Harris menegaskan kembali dukungannya yang tak tergoyahkan terhadap Israel, dan meskipun ia terkadang melunakkan bahasanya dan berbicara tentang penderitaan warga Palestina dengan cara yang lebih berempati, ia menyatakan tidak ada kesediaan untuk mengubah kebijakan dan tidak jelas apakah ia berhasil mendapatkan kembali dukungan yang dimiliki Biden. hilang.

Meskipun studi ISPU berfokus pada Muslim Amerika, jajak pendapat terhadap pemilih Arab menemukan hasil serupa dan sekali lagi mengidentifikasi masalah kebijakan luar negeri – perang Gaza – sebagai faktor kunci dalam pemilu.

Ada preseden sejarah, kata Friedman, mengutip blok pemungutan suara seperti warga Kuba-Amerika di Florida yang menentang normalisasi dengan Kuba atau komunitas Eropa Timur di AS yang mendukung upaya Clinton untuk memperluas NATO pada pertengahan 1990an kandidat lain berdasarkan preferensi kebijakan luar negeri, fenomena seperti Gerakan Nasional Non-Blok adalah hal baru dan menandakan kekecewaan mendalam terhadap kebijakan luar negeri AS yang melampaui batas partai.

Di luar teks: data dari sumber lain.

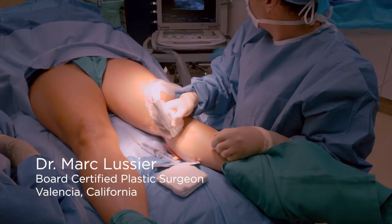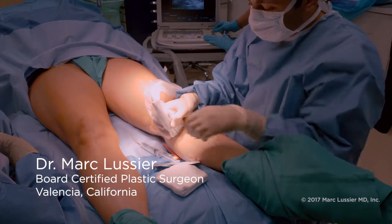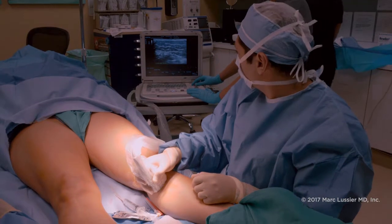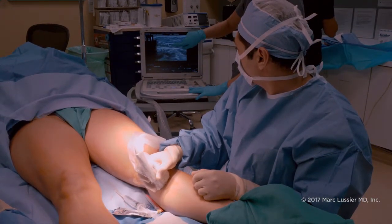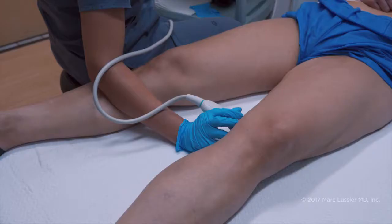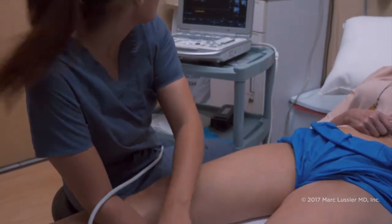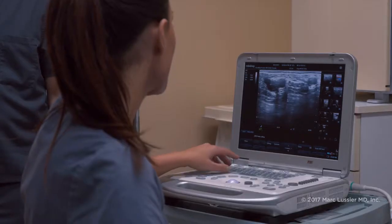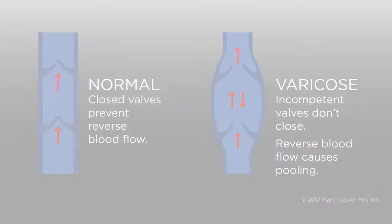Good afternoon everybody. We're about to do a radiofrequency ablation of the greater saphenous vein. Surin, our ultrasound specialist, is now locating the greater saphenous vein — if you look on the screen of his ultrasound device you can see a dark circle in the middle that he's squishing. Our patient today has already had ultrasound done preoperatively and the problems identified in her venous system are with the vein valves.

“Gagasan bahwa kelompok demografi tertentu mempunyai preferensi kebijakan luar negeri yang kuat bukanlah hal baru,” kata Friedman. “Saya tidak yakin kita pernah melihat hal ini sebelumnya, ini merupakan ancaman yang cukup jelas dari masyarakat untuk tidak memberikan suara pada kandidat yang biasanya Anda dukung.”

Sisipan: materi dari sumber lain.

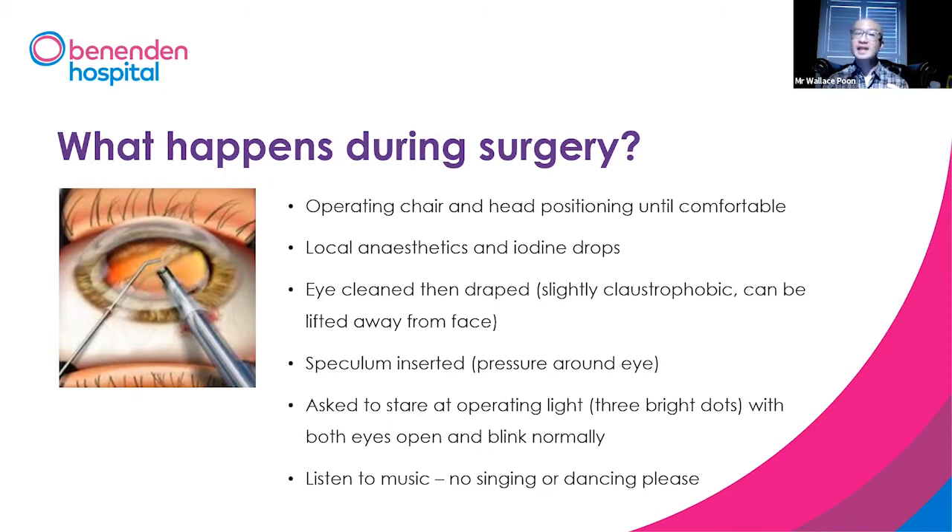We will then put local anesthetic drops and cleaning drops to clean the area, and then we will drape it — that means a plastic piece of material to keep the operating area clean.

Namun bukan hanya warga Muslim, Arab-Amerika, dan lainnya, termasuk banyak pemilih muda, yang mungkin melihat perang di Gaza sebagai masalah paling mendesak dalam siklus pemilu ini, yang juga menjadi perhatian penting bagi kebijakan luar negeri.

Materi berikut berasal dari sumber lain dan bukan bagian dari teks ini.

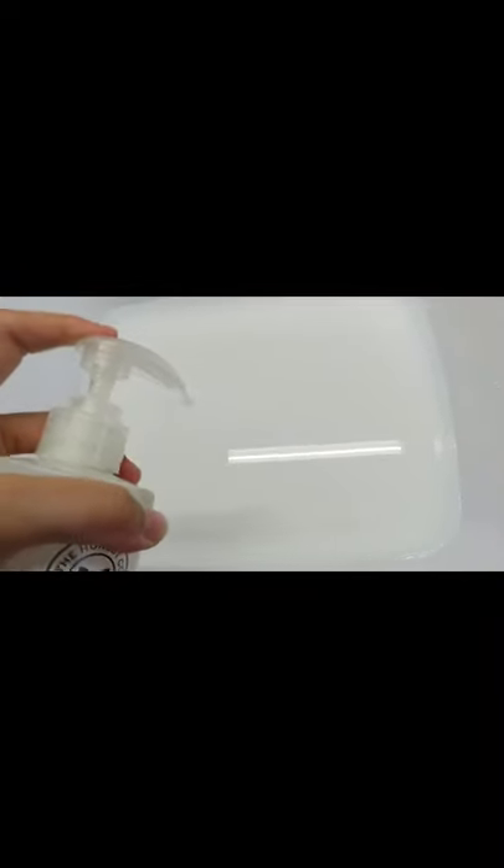Fill a tub or bowl with warm water and add two squirts of a mild shampoo or body wash. I'm using Honest Kids body wash here. Swish it around until it forms a nice lather.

Di masyarakat, terutama kelompok yang paling terpinggirkan, kebijakan luar negeri sering kali dipandang bukan sebagai masalah yang jauh, namun sebagai “masalah internal,” kata Rasha Mubarak, seorang aktivis komunitas di Orlando, Florida, kepada Al Jazeera.

“Pemilih Amerika dapat menilai kondisi material kehidupan sehari-hari mereka dan menghubungkannya dengan apa yang terjadi di Gaza,” kata Mubarak, mengutip kebutuhan sosial, mulai dari layanan kesehatan hingga bantuan badai, yang dipahami masyarakat akan mendapat manfaat dari dana publik. Amerika Serikat berinvestasi untuk mendukung upaya militer di luar negeri.

“[It’s] terlepas dari masalah moral terkait dengan fakta bahwa hampir 200.000 warga Palestina tewas akibat pemboman dan genosida Israel,” kata Mubarak, mengacu pada perkiraan potensi total korban jiwa dalam perang tersebut. “Pemilih Amerika memahami keterhubungan.”